:: Data supplied

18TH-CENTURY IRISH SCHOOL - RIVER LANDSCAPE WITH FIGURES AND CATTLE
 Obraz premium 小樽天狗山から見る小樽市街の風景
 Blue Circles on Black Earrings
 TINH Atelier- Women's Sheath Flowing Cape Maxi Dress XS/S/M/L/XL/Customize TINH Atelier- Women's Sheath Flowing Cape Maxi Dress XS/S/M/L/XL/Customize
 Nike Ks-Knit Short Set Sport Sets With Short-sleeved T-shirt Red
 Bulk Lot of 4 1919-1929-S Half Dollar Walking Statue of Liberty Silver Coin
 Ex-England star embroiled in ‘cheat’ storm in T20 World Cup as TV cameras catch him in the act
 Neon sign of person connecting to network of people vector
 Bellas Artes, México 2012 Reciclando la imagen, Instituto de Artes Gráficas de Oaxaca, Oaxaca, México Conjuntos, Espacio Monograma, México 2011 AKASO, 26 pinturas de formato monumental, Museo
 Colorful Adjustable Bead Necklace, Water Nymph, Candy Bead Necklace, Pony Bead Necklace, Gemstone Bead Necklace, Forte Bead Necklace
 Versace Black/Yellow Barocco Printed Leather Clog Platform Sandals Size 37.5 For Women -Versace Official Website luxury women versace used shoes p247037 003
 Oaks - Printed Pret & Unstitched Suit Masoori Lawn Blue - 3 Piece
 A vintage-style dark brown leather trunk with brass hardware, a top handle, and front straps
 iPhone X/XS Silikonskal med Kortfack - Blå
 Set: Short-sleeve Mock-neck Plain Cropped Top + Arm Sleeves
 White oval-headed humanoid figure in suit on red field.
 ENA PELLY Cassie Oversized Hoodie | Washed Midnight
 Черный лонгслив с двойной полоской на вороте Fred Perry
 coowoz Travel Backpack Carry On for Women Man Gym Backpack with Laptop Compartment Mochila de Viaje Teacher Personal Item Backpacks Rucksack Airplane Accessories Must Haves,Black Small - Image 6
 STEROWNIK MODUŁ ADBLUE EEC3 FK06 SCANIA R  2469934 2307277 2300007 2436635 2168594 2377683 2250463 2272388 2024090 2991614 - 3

::::

Exercise requirements: Repeat the records above exactly, with nothing left out.

Response for this exercise:
18TH-CENTURY IRISH SCHOOL - RIVER LANDSCAPE WITH FIGURES AND CATTLE
 Obraz premium 小樽天狗山から見る小樽市街の風景
 Blue Circles on Black Earrings
 TINH Atelier- Women's Sheath Flowing Cape Maxi Dress XS/S/M/L/XL/Customize TINH Atelier- Women's Sheath Flowing Cape Maxi Dress XS/S/M/L/XL/Customize
 Nike Ks-Knit Short Set Sport Sets With Short-sleeved T-shirt Red
 Bulk Lot of 4 1919-1929-S Half Dollar Walking Statue of Liberty Silver Coin
 Ex-England star embroiled in ‘cheat’ storm in T20 World Cup as TV cameras catch him in the act
 Neon sign of person connecting to network of people vector
 Bellas Artes, México 2012 Reciclando la imagen, Instituto de Artes Gráficas de Oaxaca, Oaxaca, México Conjuntos, Espacio Monograma, México 2011 AKASO, 26 pinturas de formato monumental, Museo
 Colorful Adjustable Bead Necklace, Water Nymph, Candy Bead Necklace, Pony Bead Necklace, Gemstone Bead Necklace, Forte Bead Necklace
 Versace Black/Yellow Barocco Printed Leather Clog Platform Sandals Size 37.5 For Women -Versace Official Website luxury women versace used shoes p247037 003
 Oaks - Printed Pret & Unstitched Suit Masoori Lawn Blue - 3 Piece
 A vintage-style dark brown leather trunk with brass hardware, a top handle, and front straps
 iPhone X/XS Silikonskal med Kortfack - Blå
 Set: Short-sleeve Mock-neck Plain Cropped Top + Arm Sleeves
 White oval-headed humanoid figure in suit on red field.
 ENA PELLY Cassie Oversized Hoodie | Washed Midnight
 Черный лонгслив с двойной полоской на вороте Fred Perry
 coowoz Travel Backpack Carry On for Women Man Gym Backpack with Laptop Compartment Mochila de Viaje Teacher Personal Item Backpacks Rucksack Airplane Accessories Must Haves,Black Small - Image 6
 STEROWNIK MODUŁ ADBLUE EEC3 FK06 SCANIA R  2469934 2307277 2300007 2436635 2168594 2377683 2250463 2272388 2024090 2991614 - 3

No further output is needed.